私は何か専門分野がある人なのかと思ってネットで調べてみたら、なんと正真正銘のズブズブの素人だった。ブログにスポーツと環境問題について論じていたが、「環境社会学」みたいな講義に出ているスポーツ好きの大学生が、単位のために安易なテーマで書いたレポートとしか言いようなないものである。しかもその内容が、反吐が出るほど優等生的で中身がない。私も政治は全くの素人だし正直苦手でもある。その私から見ても、自分よりも政治の知識が明らかになさそうな人物が、与党の政治家として誕生したのである。

しかし考えてみると、今回の選挙そのものが「素人」の勝利だった。知識と論理で懸命に説得し、政治のスペシャリストであることをアピールする民主党に国民は見向きもせず、「ぶっ壊す」ことだけを果敢にアピールし続けた小泉自民党を支持した。国民は細かい理屈や議論の説得力ではなく、解散総選挙を断行した小泉首相の「ぶっ壊す」という実行力を支持した。「ぶっ壊す」には専門的な能力は何も要らない。権力を持っている人物に少々の単純さと冷徹さがあれば、誰でもできることである。今回の総選挙で国民が支持したのは、このような「既得権益」を全く考慮しない「素人の蛮勇」だった。
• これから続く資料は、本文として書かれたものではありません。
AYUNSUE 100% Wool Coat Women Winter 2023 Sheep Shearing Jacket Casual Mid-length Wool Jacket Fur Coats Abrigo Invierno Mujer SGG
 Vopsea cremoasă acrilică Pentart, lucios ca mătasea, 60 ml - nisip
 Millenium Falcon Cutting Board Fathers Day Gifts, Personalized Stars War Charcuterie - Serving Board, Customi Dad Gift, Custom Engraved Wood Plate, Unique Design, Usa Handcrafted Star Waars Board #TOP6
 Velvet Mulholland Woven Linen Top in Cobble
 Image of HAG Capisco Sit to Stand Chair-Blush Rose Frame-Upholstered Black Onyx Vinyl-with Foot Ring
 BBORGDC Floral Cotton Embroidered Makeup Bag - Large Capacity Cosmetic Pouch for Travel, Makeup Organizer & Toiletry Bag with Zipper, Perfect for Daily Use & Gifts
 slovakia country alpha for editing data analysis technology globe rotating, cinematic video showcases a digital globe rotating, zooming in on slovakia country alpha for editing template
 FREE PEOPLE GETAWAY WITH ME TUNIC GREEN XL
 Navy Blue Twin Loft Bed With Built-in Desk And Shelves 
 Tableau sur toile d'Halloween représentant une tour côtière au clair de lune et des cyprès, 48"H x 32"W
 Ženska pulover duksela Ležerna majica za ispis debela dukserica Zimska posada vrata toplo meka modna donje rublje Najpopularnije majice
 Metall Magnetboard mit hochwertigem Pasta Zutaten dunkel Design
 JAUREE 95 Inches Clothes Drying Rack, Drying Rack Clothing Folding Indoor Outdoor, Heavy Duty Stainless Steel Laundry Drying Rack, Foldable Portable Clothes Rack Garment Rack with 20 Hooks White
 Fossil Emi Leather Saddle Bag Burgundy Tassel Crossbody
まさにこの新人議員は、既得権益も政治の知識も文字通り全く持たない「若い」「素人」であり、逆に言うと「若い」「素人」であること以外に政治的資源を持っていないのである。今回の選挙で支持された要素を、ある種(執行部ももてあますほど)純粋かつ極端な形で代表していると言えるだろう。だから小泉首相を支持した人々は、彼の軽率な発言に失望したり「まだ若いんだから」などと弁護などしてはならない。「発言内容は軽率かもしれないが、素人らしくていいじゃないか!へたに勉強して政治家っぽくなるなよ!」とエールを送らなければ、自民党に一票を投じた意味がないだろう。しかし、本当にエールを送る人間がいそうなのが怖いところである。